First real README.md

Sc00bz · web-flow · commit b76c3399e8e1 · 2022-08-24T19:47:03.000-05:00
diff --git a/README.md b/README.md
@@ -1,2 +1,68 @@
 # bscrypt
 A cache hard password hash/KDF
+
+## Why Cache Hard
+
+Cache hard algorithms are better than memory hard algorithms at shorter run times.
+Basically cache hard algorithms forces GPUs to use 1/4 to 1/16 of the memory bandwidth because of the large bus width (commonly 256 to 1024 bits).
+Another way to look at it is memory transactions vs bandwidth.
+Also the low latency of L2 cache on CPUs and the 8 parallel look ups let's us make a lot of random reads.
+With memory hard algorithms, there is a point where doubling the memory quarters a GPU attacker's speed.
+There then is a point at which a memory hard algorithm will overtake a cache hard algorithm.
+Cache hard algorithms don't care that GPUs will get ~100% utilization of memory transactions because it's already very limiting.
+
+## Settings
+
+* `m` (`memoryKiB`)
+* `t` (`iterations`)
+* `p` (`parallelism`)
+
+Set `m` to the largest per core cache size.
+For current CPUs, this is L2 cache and commonly 256 KiB, 512 KiB, 1 MiB, or 1.25 MiB per core.
+You shouldn't currently go less than 128 KiB.
+When in doubt use `m=256` (256 KiB).
+
+If doing server side, then set `p` to 1.
+But if you set up a queuing system the set `p` to number of cores or less.
+You may want to benchmark different values of `p` with normal other workloads.
+Too find the best `p`.
+
+Now set `t` to at least `1900000 / (1024 * m * p)`.
+If you want it to be stronger because this is likely a few milliseconds change 1'900'000 to 19'000'000.
+This will limit GPU attackers to <1 KH/s/GPU.
+Which is good for encryption.
+Note that next gen GPUs are launching around November 2022 and these are just bare minimums for `t`.
+I recommend using settings that are at least twice as hard on current hardware to account for future advances.
+Just so you have time to upgrade settings so that old settings are still <10 KH/s/GPU.
+
+### Easy Settings
+Just use `m=256`, `t=80`, `p=1` that should still be good in 2030.
+
+Looking at historical GPU memory transaction rates and using an exponential trend line for AMD it's still good in 2043 and Nvidia it's still good in 2034.
+This assumes GPU cache sizes aren't like 10x higher per SM or whatever by then.
+
+## "Not BLAKE2b"
+
+Not a BLAKE2b mix calculation.
+There is no message and the rotates were changed from 32,24,16,63 to 8,1,16,11,40,32.
+These were found to give a faster mix by a program that checked 2 any rotates, 3 byte rotates, and a 32 bit rotate.
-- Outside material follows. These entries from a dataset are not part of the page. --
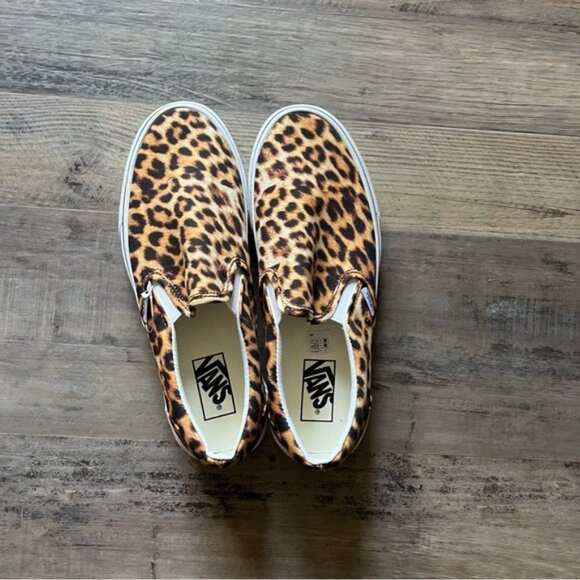 Vans Leopard Print Slip-On Shoes – Women’s Size 10.5 (Men’s 9) – NWT - Picture 1 of 7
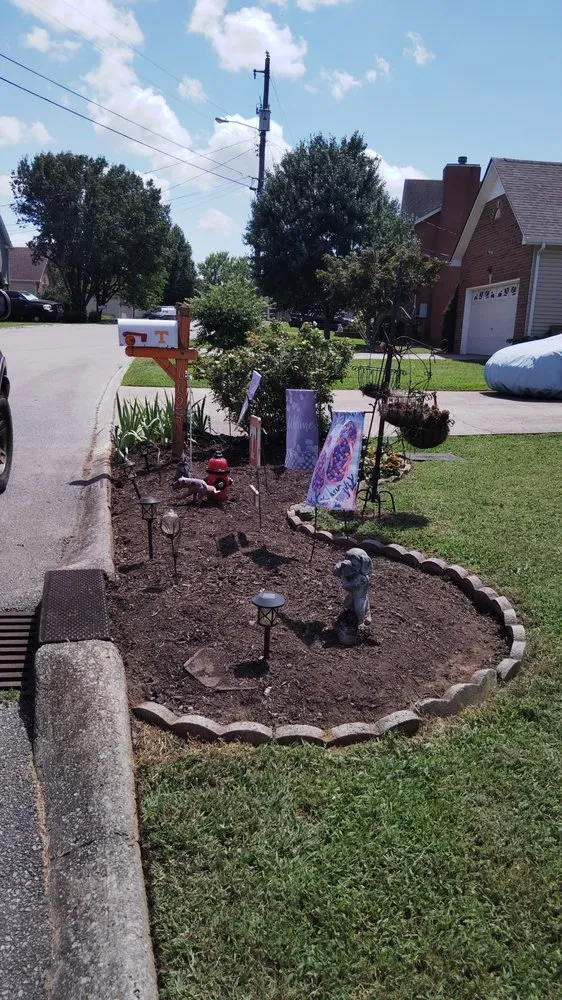 Local residential landscaping in La Vergne, TN by Pineapple Wood Landscaping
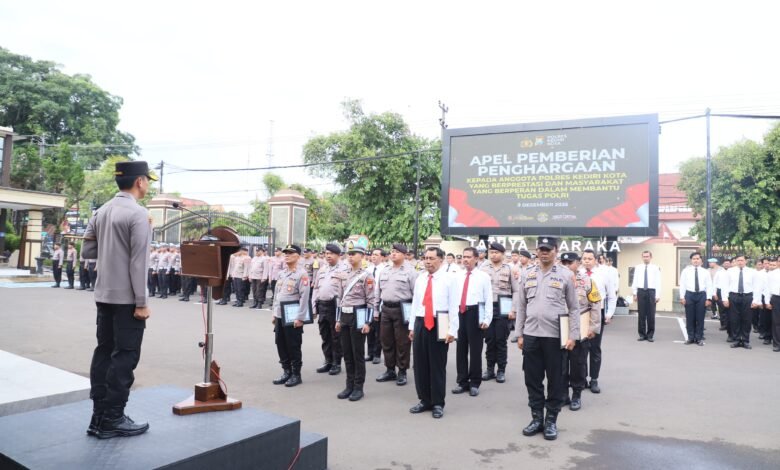 KAPOLRES KEDIRI KOTA BERIKAN PENGHARGAAN KEPADA 53 PERSONEL BERPRESTASI IMG 20251209 WA0013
+This was picked out of several equivalent ones because it looked similar to the "best" 4 rotates.
+These are 8,1,24,32 that are 1 any rotate, 2 byte rotates, and a 32 bit rotate.
+
+Related: https://twitter.com/Sc00bzT/status/1461894336052973573
+
+I went with the 6 rotates because it mixed faster.
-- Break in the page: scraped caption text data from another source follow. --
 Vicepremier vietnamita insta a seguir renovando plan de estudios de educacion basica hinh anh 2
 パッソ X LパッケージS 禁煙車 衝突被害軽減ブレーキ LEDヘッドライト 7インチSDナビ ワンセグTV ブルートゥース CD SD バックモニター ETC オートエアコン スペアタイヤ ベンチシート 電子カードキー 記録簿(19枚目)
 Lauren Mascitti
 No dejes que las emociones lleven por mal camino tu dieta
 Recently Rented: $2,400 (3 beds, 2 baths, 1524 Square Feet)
+I was going to do either:
+
+* 2 rounds of 6 rotates
+* 3 rounds of 4 rotates
+
+Oh "3 rounds of 4 rotates" has a "coverage" of 87.5% and I believe "2 rounds of 6 rotates" has a "coverage" of 100%.
+I need to check this it's been a almost a year since I looked at the data.
+"Coverage" is the percent of bits from the block that have affected other bits.
+You need 1'024 variables representing the 1'024 bits in the block.
+Each variable has 1'024 bits representing which bit from the block has influenced its value.
+You rotate those and OR them together instead of add and XOR.
+Then count the bits that are set.
+This may not be the best way to check for the best rotates.
+Also addition influences higher bits which this doesn't check for.